[Bioc-devel] mapping between original and reduced ranges
Kasper Daniel Hansen
kasperdanielhansen at gmail.com
Thu Mar 15 13:44:37 CET 2012
So the key question is to what extent keeping track of where the
ranges comes from would slow down the reduce operation. I am not
familiar enough with the algorithm to know this, but given how fast
IRanges is in general, I am not one for guessing on this.
I agree with Florian that this is a very typical use case.
On Thu, Mar 15, 2012 at 5:02 AM, Hahne, Florian
<florian.hahne at novartis.com> wrote:
> Hi all,
> It is true that this is not terribly slow when you deal with fairly large
> range objects:
> foo <- GRanges(seqnames=sample(1:4, 1e6, TRUE),
> ranges=IRanges(start=as.integer(runif(min=1, max=1e7, n=1e6)), width=50))
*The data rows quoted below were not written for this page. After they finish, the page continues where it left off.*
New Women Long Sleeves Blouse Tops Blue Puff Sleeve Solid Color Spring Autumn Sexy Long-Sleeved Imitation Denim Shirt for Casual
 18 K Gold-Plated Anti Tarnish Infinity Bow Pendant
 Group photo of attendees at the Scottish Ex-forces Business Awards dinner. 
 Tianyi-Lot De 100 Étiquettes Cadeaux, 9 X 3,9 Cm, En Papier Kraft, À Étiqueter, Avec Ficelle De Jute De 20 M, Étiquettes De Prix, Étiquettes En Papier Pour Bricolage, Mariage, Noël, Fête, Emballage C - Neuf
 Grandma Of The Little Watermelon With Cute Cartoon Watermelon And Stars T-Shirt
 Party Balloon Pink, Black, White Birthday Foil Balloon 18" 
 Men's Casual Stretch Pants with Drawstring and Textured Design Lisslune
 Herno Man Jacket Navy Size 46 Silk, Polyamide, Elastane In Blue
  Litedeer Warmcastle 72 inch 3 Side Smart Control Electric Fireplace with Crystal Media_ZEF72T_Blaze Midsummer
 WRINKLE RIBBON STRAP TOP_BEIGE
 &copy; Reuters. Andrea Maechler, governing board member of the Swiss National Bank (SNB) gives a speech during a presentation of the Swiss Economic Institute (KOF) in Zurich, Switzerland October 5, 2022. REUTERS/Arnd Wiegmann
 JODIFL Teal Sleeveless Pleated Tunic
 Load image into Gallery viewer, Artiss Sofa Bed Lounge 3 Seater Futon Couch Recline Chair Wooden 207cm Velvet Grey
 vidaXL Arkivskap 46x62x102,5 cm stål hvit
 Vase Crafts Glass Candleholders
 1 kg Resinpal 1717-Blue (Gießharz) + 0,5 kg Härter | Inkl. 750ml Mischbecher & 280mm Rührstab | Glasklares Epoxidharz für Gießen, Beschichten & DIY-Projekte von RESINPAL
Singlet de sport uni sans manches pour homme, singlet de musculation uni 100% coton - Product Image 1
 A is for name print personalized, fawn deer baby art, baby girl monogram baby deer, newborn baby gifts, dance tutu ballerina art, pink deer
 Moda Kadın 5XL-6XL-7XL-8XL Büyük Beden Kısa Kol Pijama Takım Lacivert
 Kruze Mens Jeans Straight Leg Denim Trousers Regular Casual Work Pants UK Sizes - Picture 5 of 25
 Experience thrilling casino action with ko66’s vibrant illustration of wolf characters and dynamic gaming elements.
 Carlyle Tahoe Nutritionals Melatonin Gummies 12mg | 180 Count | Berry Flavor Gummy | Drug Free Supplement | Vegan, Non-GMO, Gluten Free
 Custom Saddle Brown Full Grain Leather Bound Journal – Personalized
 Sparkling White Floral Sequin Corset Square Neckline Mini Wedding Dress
> system.time(bar <- reduce(foo))
> user system elapsed
> 0.918 0.174 1.091
> system.time(foobar <- findOverlaps(foo, bar))
> user system elapsed
> 2.051 0.402 2.453
> However the whole process does take about 3x the time of just the reduce
> operation, and in my use case I want this to happen interactively, where
> waiting 3 seconds compared to 1 makes a huge difference...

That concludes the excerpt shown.